§ **Exercise instructions**:
Repeat only the lines below from the one containing "[ССП] Сбалансированная система показателей" through the one containing "Using the 7", inclusive, exactly as written.

§ **Dataset records**:
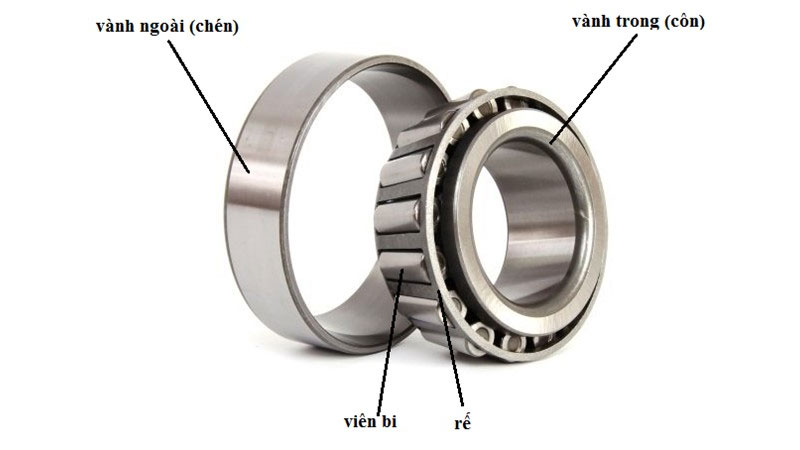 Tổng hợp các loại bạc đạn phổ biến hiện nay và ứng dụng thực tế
* * *
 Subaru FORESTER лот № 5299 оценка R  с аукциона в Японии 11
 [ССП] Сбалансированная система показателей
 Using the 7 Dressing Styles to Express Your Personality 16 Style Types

§ **Answer box**:
 [ССП] Сбалансированная система показателей
 Using the 7 Dressing Styles to Express Your Personality 16 Style Types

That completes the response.